Две ипостаси — Мысль и Страда — по Пушкину, краеугольные камни духовной опоры Поэзии, без коих не может состояться крупный Поэт.
Удивительное — почти сакральное! — совпадение: страда Поэта и страда Крестьянина — это их общая причастность к Делу. И отличие между ними только в том, что у Крестьянина страда — дело сезонное. Поэт же не знает сезонных работ, ибо он каждое мгновение живёт в Слове и понимает, что выйти из Слова — значит выйти из судьбы, чего он не может позволить себе ни при каких обстоятельствах.
Не выходят из Слова поэт-космист Юрий Богданов, поэт-философ Эдуард Балашов, поэт сакрального откровения Лев Котюков и, словно окармляющий их небесным светом души, поэт Иван Переверзин.
Юрий Богданов возродил в восьмидесятые годы прошлого века сонет, который поcле блестящих поэтов Серебряного века В. Брюсова, И. Анненского К. Бальмонта, И. Северянина и других, давших сонету новую жизнь, в нашей поэзии практически сошёл на нет.
Юрий Богданов возродил сонет, а венцом над ним воссиял венок сонетов «Осенняя мелодия», написанный в эти же годы безвременно ушедшим из жизни Леонидом Бородиным.

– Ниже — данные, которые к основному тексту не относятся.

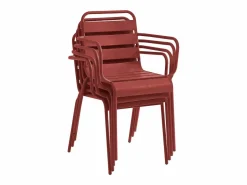 New Conjunto de 2 sillones de jardín apilables de metal - - MIRMANDE de Comedores De Jardín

Юрий Богданов, восходя мыслью в Космос, использует сонет как поэтическую форму, которая позволяет пробиться мыслью в глубины Мироздания:
Проходит всё: и радость, и печаль,
Восторг открытья, детства первозданность.
И вновь манят в неведомую даль
Снега вершин и звёздная туманность.
Зажмёт в груди: минут мелькнувших жаль,
Но время — нами созданная данность:
Мгновенна жизнь… Галактики спираль —
Загадок неразгаданная странность.
Ядро разъять и миг остановить
Стремимся мы рассудочно, беспечно?
Но вот сейчас: быть свету иль не быть?
Хоть житие безумно скоротечно,
Потомкам славным завещая вечность,
Хотел бы с ними бесконечно жить?
В этом вопросе сквозит нетерпеливое желание индивидуального бессмертия, о чём мечтали русские космисты от Циолковского и Манеева до Владимира Соловьёва и Василия Купревича.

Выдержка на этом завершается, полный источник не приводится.